从零实现 LLM Inference:032. Decode-first Worker Loop
前面几版我们把 prefill admission 拆出了独立的 knobs(按 batch size / 按 token budget),已经能把 “prefill 抢占 decode” 这个问题压住不少。
但还有一个很直观的点:worker loop 里 prefill admission 和 decode step 的执行顺序。
现在的逻辑是:
- 先把 pending request 拉进来做 admission(可能一次拉很多)
- 再做 decode step(给已有 session 产出下一 token)
当 pending 很多时,这个顺序会放大两个问题:
- decode 的 token 产出会被 admission 的 CPU/Python 开销推迟,ITL/TPOT tail 会更尖
- GPU 侧也会更容易出现空洞:CPU 先忙一轮 admission,再开始 launch decode kernels
这次 mini PR 做一件小事:给 SchedulerManager 增加一个 decode-first 的可选策略——当存在 active unfinished sessions 时,每一轮先做一次 decode step,再做 prefill admission(默认不开启,保持旧行为)。
代码变更
roseinfer/server.py
新增 decode_first 参数,并把 decode 逻辑抽成 run_decode_once():
decode_first=False:保持旧行为(prefill -> decode)decode_first=True:当scheduler.has_unfinished()时,decode -> prefill(每轮最多 decode 一次,避免饿死 admission)
diff --git a/rosellm/roseinfer/server.py b/rosellm/roseinfer/server.py
index e2de389..51d9ebe 100644
--- a/rosellm/roseinfer/server.py
+++ b/rosellm/roseinfer/server.py
@@ -155,6 +155,7 @@ class SchedulerManager:
max_batch_size: int = 8,
prefill_max_batch_size: Optional[int] = None,
prefill_max_tokens: Optional[int] = None,
record_token_timestamps: bool = False,
+ decode_first: bool = False,
) -> None:
if max_batch_size <= 0:
@@ -168,6 +169,7 @@ class SchedulerManager:
)
if self._prefill_max_tokens is not None and self._prefill_max_tokens <= 0:
raise ValueError("prefill_max_tokens must be positive")

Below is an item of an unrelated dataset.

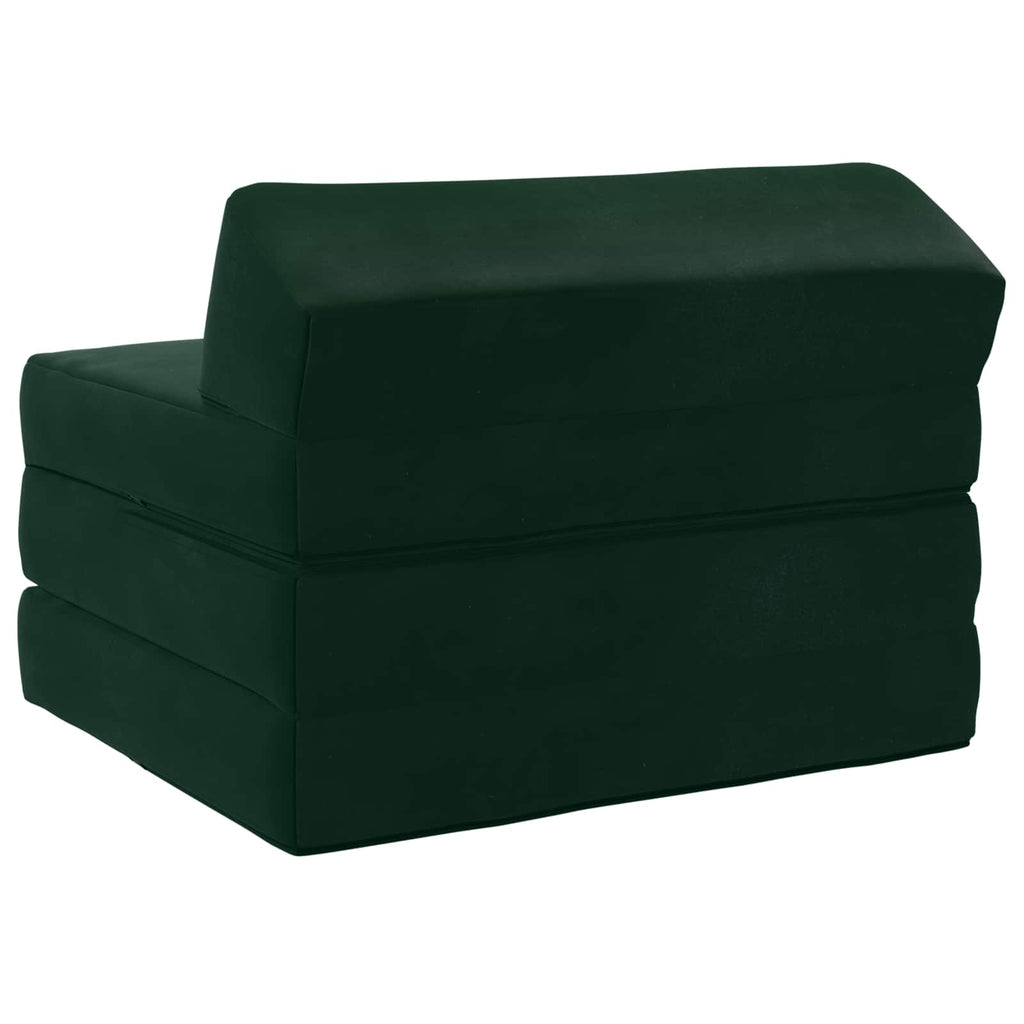 vidaXL Składana Sofa Łóżko Ciemnozielony 200 x 70 x 10 cm Welur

+ self._decode_first = bool(decode_first)
self.engine = engine
self.scheduler = OnlineScheduler(
@@ -284,12 +286,56 @@ class SchedulerManager:
def _worker_loop(self) -> None:
try:
while True:
+ def run_decode_once() -> None:
+ if not self.scheduler.has_unfinished():
+ return
+ step_tokens = self.scheduler.step()
+ finished_ids = self.scheduler.pop_finished_ids()
+
+ for rid, token_id in step_tokens.items():
+ with self._lock:
+ q = self._queues.get(rid)
+ detok = self._detoks.get(rid)
+ token_ts = (
+ self._token_timestamps.get(rid)
+ if self._record_token_timestamps
+ else None
+ )
+ if q is None or detok is None:
+ self.scheduler.discard_request(rid)
+ continue
+ if token_ts is not None:
+ token_ts.append(time.perf_counter())
+ piece = detok.on_token(int(token_id))
+ if piece:
+ q.put(piece)
+
+ for rid in finished_ids:
+ with self._lock:
+ q = self._queues.get(rid)
+ detok = self._detoks.get(rid)
+ self.scheduler.discard_request(rid)
+ if q is None:
+ continue
+ if detok is not None:
+ tail = detok.flush()
+ if tail:
+ q.put(tail)
+ q.put(None)
+
with self._lock:
if not self._running:
break
max_new = self._prefill_max_batch_size
max_tokens = self._prefill_max_tokens
max_context = int(self.engine.config.max_position_embeddings)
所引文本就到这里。